A lot of weird gender and sexual hangups are all mixed up together in our classic picture of the drow -- there is, as you mentioned, a rather improbable amount of whips and chains. Is their villainous matriarchy specifically an issue, though? Like, imagine the most matriarchal society in D&D not being villains. Imagine the gnomes or whatever are said to have these strong attitudes about gender superiority, but are presented as "good" or at least respectable. That doesn't really work either, right?
I don't agree. You've made this claim before, but it's wholly unconvincing to me, because D&D literally only ever specifies when something is a matriarchy, never when it's a patriarchy, even when it is obviously a patriarchy. If you have a society, and every leader we hear about is male, and they have only male combatants, and so on, it's pretty obvious, I would argue, that that's a patriarchy.

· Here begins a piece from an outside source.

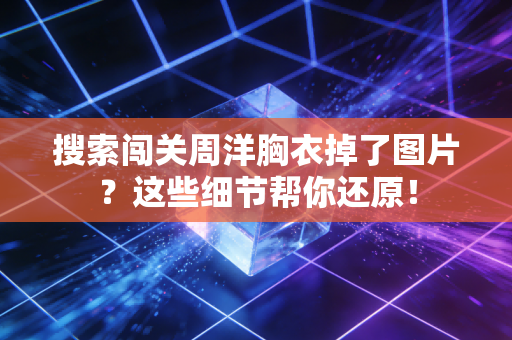 搜索闯关周洋胸衣掉了图片？这些细节帮你还原！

And yet cultures which are presented as unnamed-patriarchies are presented positively in D&D. Dwarves have frequently been presented as having solely male leadership, particularly in earlier editions, but it's almost never spelled out. Instead we just see all Dwarvish leadership is male. You see the same with other cultures - we'll see six or a dozen or even more leaders, and every single one of them will be male, or the only female one will have an actual explanation of why she's even there (usually she's someone's only child, or widow - which were the typical RL historical explanations for women being leaders in otherwise patriarchal societies) - an explanation absent for all the male ones.

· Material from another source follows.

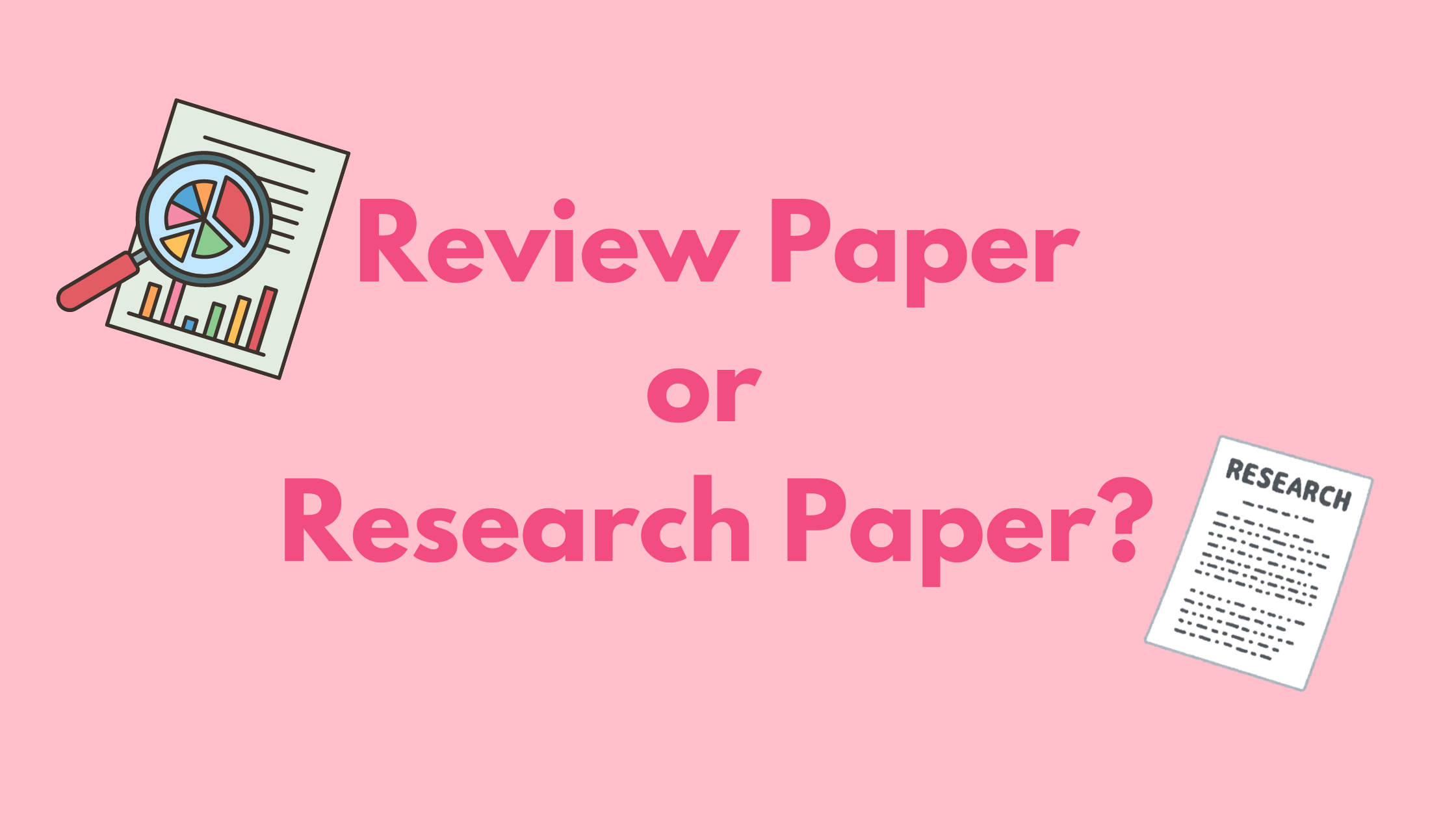 After Comparative Analysis, should you write Review Paper or Research Paper?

You can't go on pretending that, just because people aren't naming patriarchies, patriarchies, they're not patriarchies. It's like our own society - it's been a patriarchy for thousands of years. Did it get called that much before the 19th and 20th centuries? No. Because it was just "how things were". And D&D has done the same, pretty consistently, for decades.

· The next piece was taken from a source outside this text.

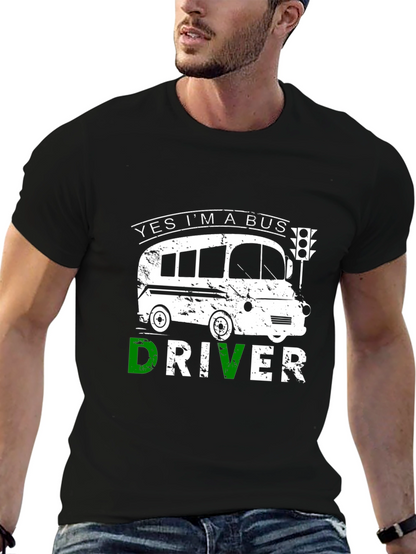 Yes Im A Bus Driver T-Shirt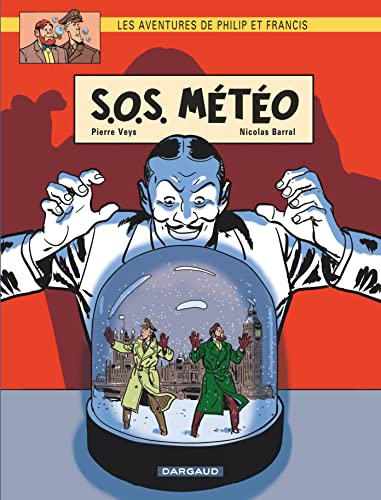 Les aventures de Philip et Francis, T3 - S.O.S. Météo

Even societies which are definitely egalitarian do tend to get called out as such in D&D, again, especially in earlier editions. Which again suggest that patriarchy is the default assumption, and it's only worth noting if it's different from that. I'm not going to bore us by listing all the other things in life which can work this way, but you know perfectly well, because you live in the world, that something can be a thing without being named as such, and pretending that because it hasn't been, it isn't, is pffff disingenuous at best.
I will note that when a demihuman race is closely examined, even if literally every ruler we've ever seen has been male, they tend to be suddenly "discovered" to be egalitarian, or have some kind of system that's sexist, but somehow gives both genders equal power (or males more, but not by a vast margin - still that is somewhat patriarchal, even though they'll never call it that).
And yes, it definitely is a problem, because it explicitly links matriarchy and being outright villainous. Being matriarchal or patriarchal doesn't make you "D&D Evil" (unless you want to label literally all your ancestors for hundreds or thousands of years, and the culture you live in as "D&D Evil", which is like, a bold move I would say - not necessarily wrong - but bold!). You could certainly have an LN culture which was Patriarchal. They might be prats, jerks, losers, but they don't need to be Evil with a capital E. Likewise Matriarchies. They're less likely to be Good (given the inherent link to equality), barring some wacky examples where they just choose women as leaders not because they're "superior" in some general way, but because the culture believes something else makes it sensible, but even that's not impossible. So again yes, making them not only evil but Super Duper Nuclear Grade Atomic Evil, the Evilest of the Evil, and as you do not, dragging in a bunch of other creepy junk about cruelty and whips and chains, is deeply problematic.